The first and perhaps largest way in which the visitor center embraces biophilic design is by complementing and displaying the Garden’s living collections. Prior to entering the visitor center, guests will find themselves walking through a series of paths within new entry gardens. These gardens, designed by the landscape architecture firm, Michael Vergason Landscape Architects, Ltd., include a cascading fountain and unique plantings (planting will begin in spring 2023). A spacious plaza, wide walkways, and numerous seating areas allow visitors to admire the landscape before entering the building.
Once inside the building, visitors will immediately have views of the full garden, thanks to floor-to-ceiling windows and a thoughtfully designed building layout. The center’s shape and orientation, with a thin south-facing bar and west wing, came from the desire to connect to the garden and create unique, memorable spaces inside and out.
The overall goal of the design was to allow for immediate contact with plants upon arrival. We did not want visitors to see the center as something separate from the Garden itself, but rather as an extension of the overall Garden experience.
Building upon the natural experience, the visitor center has an open and bright atmosphere with abundant natural light. A standout feature of the lobby design is the main lantern feature suspended from above the ceiling. The lantern includes a custom-designed “scrim” perforated in a pattern inspired by the Garden’s specimen Gingko tree that is on axis with the entry. By providing dapped light into the lobby, the scrim replicates the light quality found in a forest clearing.

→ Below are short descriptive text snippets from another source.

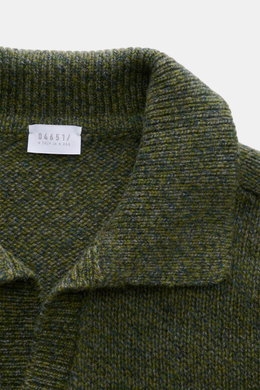 04651/ A trip in a bag Strickpolo 'Mouline Johnny' dunkelgrün meliert, Nahaufnahme von oben, Mix aus Schurwolle und Cashmere, Mouline-Optik, weicher Griff, mittelfeines Strickbild, Slim Fit, Skipper-Kragen, flexible Rippbündchen.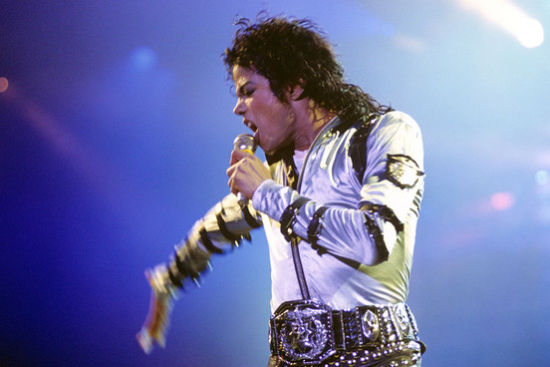 迈克尔杰克逊88年伦敦个唱片段首曝光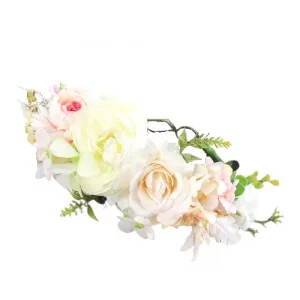 corona de flores composicion rosas blancas 1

For more information about the design process of the scrim, read “Designing the Scrim at the Jack C. Taylor Visitor Center.”
In addition to the direct elements of plants and sunlight, our team also incorporated biophilic elements throughout several aspects of the interior design. Looking down, visitors will notice unique terrazzo flooring with hand-laid inlays of local river rock, stones, and brass accents imitating tree leaves.
The ticketing and visitor engagement desk forms are influenced and inspired by the shape of rounded rocks and pebbles, with bud vases recessed in the counter to hold cuttings of plants in bloom. Sustainable lighting pendants above are intended to provide a luminescent sparkle similar to that of fireflies or droplets of rain.
Walls dividing the dining areas and café include pressed botanical specimens from the Garden’s collection, while the overhead lighting mimics the form of roses in full bloom. The dining area, designed with our local architectural partners, Tao + Lee, also includes a statement seating bench made from the trunk of a Shumard Oak tree that had previously been part of the Garden’s living collection before reaching the end of its natural life span.
Of course, there is more to biophilic design that just reflecting nature. It is also important to design with an environmental sensitivity by preserving resources and reducing carbon emissions wherever possible. While pursuing a LEED Gold certification, our design team made many careful decisions surrounding shading, interior and exterior ventilation, rooftop solar panels, and rainwater displacement to ensure that the Jack C. Taylor Visitor Center reflects the Garden’s overall mission and sustainability goals.